IFS HRES t=0 “Analysis”

To evaluate IFS forecasts, we use the IFS analysis as the ground truth. Note that here we use the initial conditions of the HRES forecasts, i.e. the forecasts at lead time zero as analysis. This is not exactly the same as the analysis dataset provided by ECMWF (see paper for details).

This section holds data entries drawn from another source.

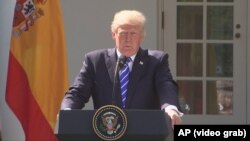 Donald Trump și steagul Spaniei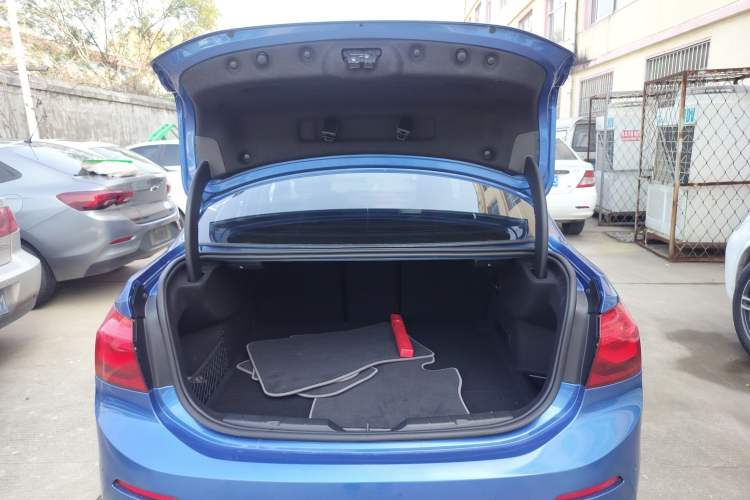 Used BMW 1 Series 2017 118i Design Package Model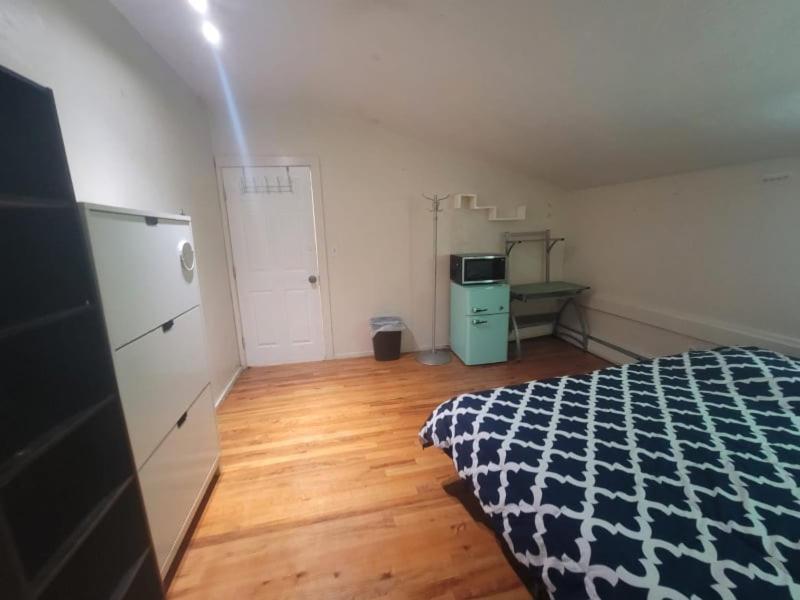 Private Bedroom Near Бостън Екстериор снимка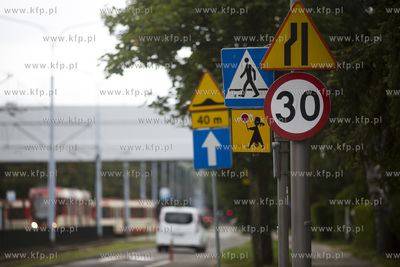 Gdańsk. Ul. Wojska Polskiego. Ograniczenie prędkości...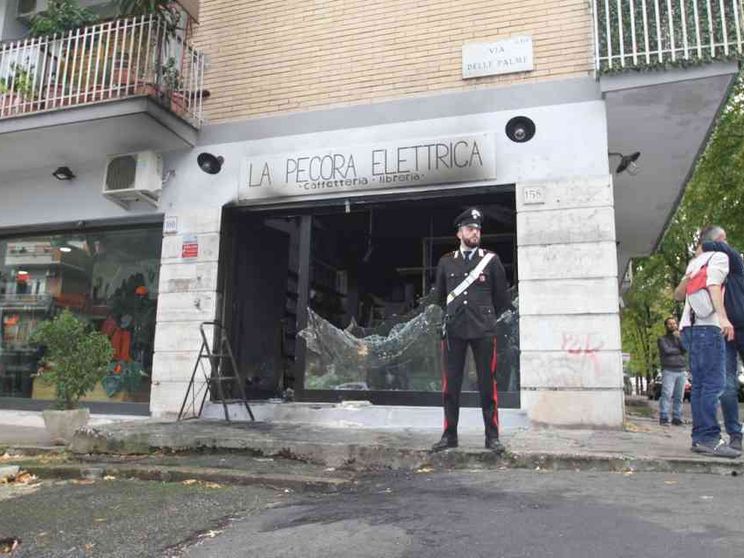 Incendio, per la seconda volta, alla libreria La Pecora elettrica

Location: gs://weatherbench2/datasets/hres_t0/

Files:

  • 2016-2022-6h-1440x721.zarr

  • 2016-2022-6h-512x256_equiangular_conservative.zarr

  • 2016-2022-6h-240x121_equiangular_with_poles_conservative.zarr

  • 2016-2022-6h-128x64_equiangular_with_poles_conservative.zarr

  • 2016-2022-6h-64x32_equiangular_with_poles_conservative.zarr

xr.open_zarr('gs://weatherbench2/datasets/hres_t0/2016-2022-6h-1440x721.zarr')
<xarray.Dataset>
Dimensions:                  (time: 10268, latitude: 721, longitude: 1440,
                              level: 13)
Coordinates:
  * latitude                 (latitude) float32 -90.0 -89.75 ... 89.75 90.0
  * level                    (level) int32 50 100 150 200 ... 700 850 925 1000
  * longitude                (longitude) float32 0.0 0.25 0.5 ... 359.5 359.8
  * time                     (time) datetime64[ns] 2016-01-01 ... 2023-01-10T...
Data variables: (12/14)
    10m_u_component_of_wind  (time, latitude, longitude) float32 dask.array<chunksize=(1, 721, 1440), meta=np.ndarray>
    10m_v_component_of_wind  (time, latitude, longitude) float32 dask.array<chunksize=(1, 721, 1440), meta=np.ndarray>
    10m_wind_speed           (time, latitude, longitude) float32 dask.array<chunksize=(1, 721, 1440), meta=np.ndarray>
    2m_temperature           (time, latitude, longitude) float32 dask.array<chunksize=(1, 721, 1440), meta=np.ndarray>
    geopotential             (time, level, latitude, longitude) float32 dask.array<chunksize=(1, 13, 721, 1440), meta=np.ndarray>
    mean_sea_level_pressure  (time, latitude, longitude) float32 dask.array<chunksize=(1, 721, 1440), meta=np.ndarray>
    ...                       ...
    temperature              (time, level, latitude, longitude) float32 dask.array<chunksize=(1, 13, 721, 1440), meta=np.ndarray>
    total_precipitation_6hr  (time, latitude, longitude) float32 dask.array<chunksize=(1, 721, 1440), meta=np.ndarray>
    u_component_of_wind      (time, level, latitude, longitude) float32 dask.array<chunksize=(1, 13, 721, 1440), meta=np.ndarray>
    v_component_of_wind      (time, level, latitude, longitude) float32 dask.array<chunksize=(1, 13, 721, 1440), meta=np.ndarray>
    vertical_velocity        (time, level, latitude, longitude) float32 dask.array<chunksize=(1, 13, 721, 1440), meta=np.ndarray>
    wind_speed               (time, level, latitude, longitude) float32 dask.array<chunksize=(1, 13, 721, 1440), meta=np.ndarray>

Forecast datasets

IFS HRES

Here, we provide the 00 and 12 UTC initializations of HRES.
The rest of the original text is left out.